The directors of Centro Properties didnt have to look far to identify someone with the unique experiences and skills to lead the group through what will be an extraordinarily complex and delicate restructuring if it is to extricate itself from the clutches of its bankers. He was sitting amongst them (see Centro appoints new chief executive, January 5).
What Centro needed was someone with an unusual blend of property, investment banking and finance skills. Robert Tsenin, who joined a renewed Centro board in the middle of last year, has all those attributes on his CV.
The new Centro chief executive is a former managing director of Goldman Sachs in Australia, a former finance director of Lend Lease and has had a variety of non-executive directorships. One that could be particularly relevant to the challenges he will face was his role on the board of the International Distressed Debt Fund.
While his property experience will be important, the more useful experiences in the near term will be the roles he has had in deal-making and finance.
The Centro group is, apart from being debt-laden and having a $1.5 billion hole where its shareholder funds would conventionally be, remarkably complex. Its affairs, and ownership of its vast property portfolios in Australia and the US, are commingled with those of Centro Retail and a host of syndicates. Centro Properties acted as a central treasury, manager, service centre and co-investor with other group entities (see Centro's dollar bounce, October 15, 2009).
The current Centro chief executive, Glenn Rufrano, achieved something of a miracle in keeping the group out of administration and convincing its bank lenders to accept a moratorium and partial debt-for-equity swap that wiped out most of the other security holders.
He was aided by the fact that the Australian retail property portfolio has proved itself remarkably resilient and the US portfolio has held up reasonably well in the distressed circumstances in that market.

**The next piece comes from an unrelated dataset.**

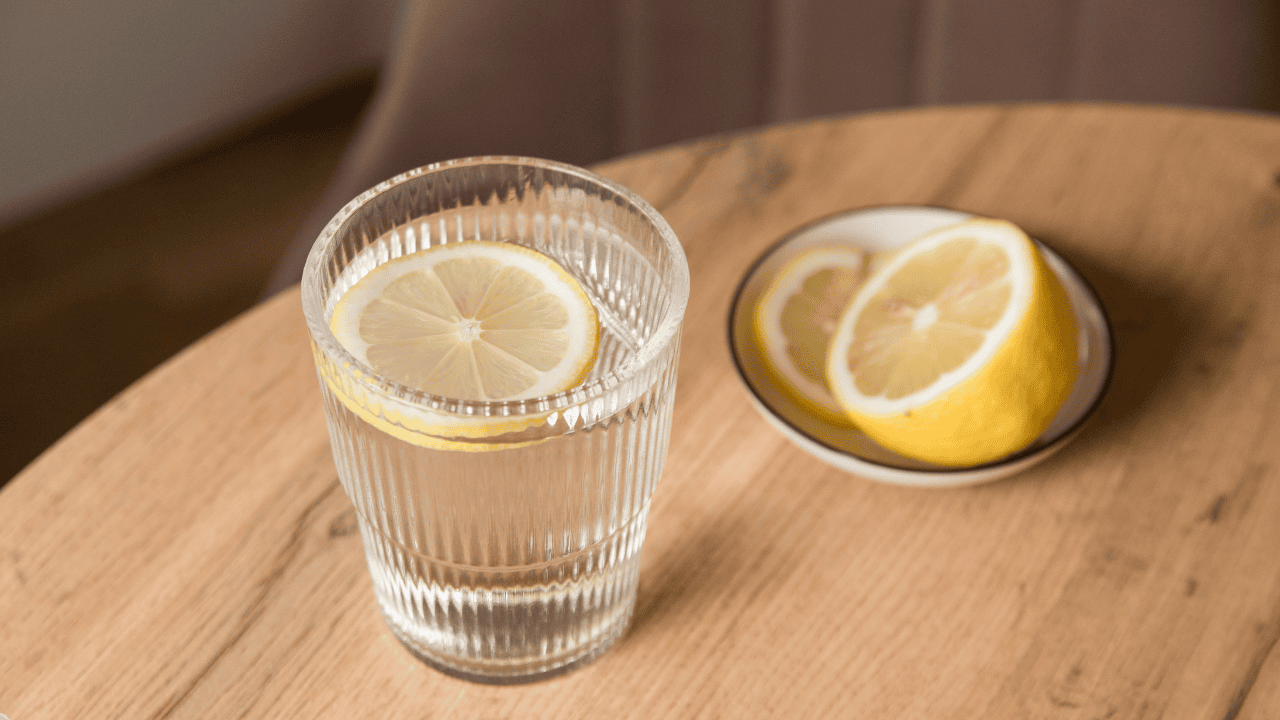 Dodajesz cytrynę do herbaty lub wody? Już wiadomo, jak wpływa to na organizm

The next phase in the reconstruction of the Centro group will be to disentangle and simplify its affairs, separating it from Centro Retail and probably extricating itself from the US. At board and management level the distancing of the two Centros has already occurred, while some of the derivative arrangements between them have been closed out or reduced.

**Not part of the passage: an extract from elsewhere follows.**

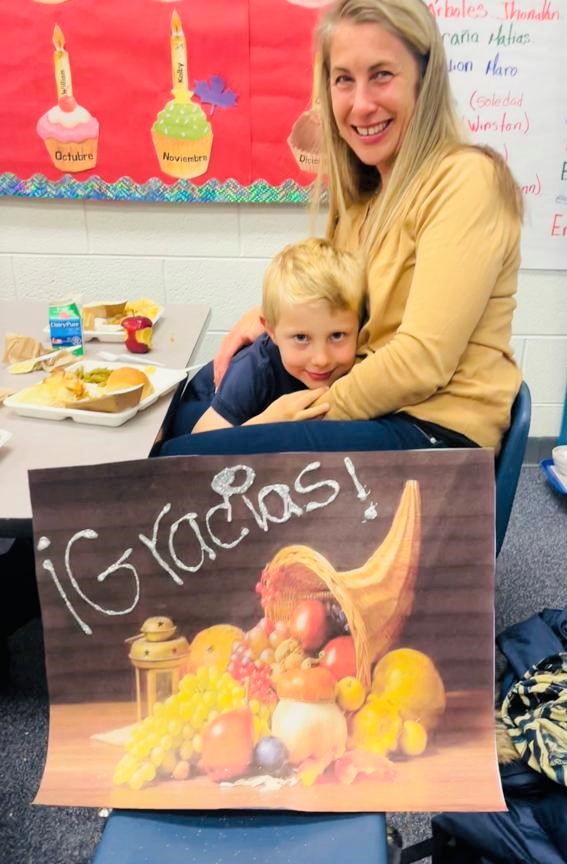 Photo of parent and student at Thanksgiving lunch in classroom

Centro recently appointed advisers JP Morgan and Moelis & Company to help develop a restructuring plan. Centro Retail appointed UBS as its adviser.

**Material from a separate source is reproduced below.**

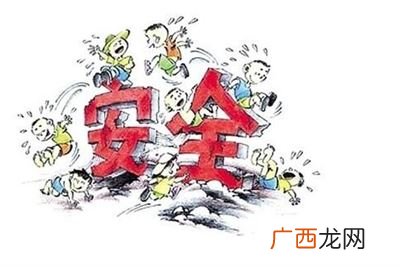 如何加强自我防范意识,作为当代的大学生，我们如何在自己的生活和将来的工作中增强信息安全意识和网络安全防范措施？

Given the deficiency in security holders funds and the best part of $5 billion of debt, plus the scale of the banks equity holdings, the already very complicated restructuring will almost inevitably also have to involve a massive recapitalisation.
There will be no quick or simple path to normalcy for Centro, although the quality of the underlying property portfolios and the cash flows they generate at least provides a foundation to build on.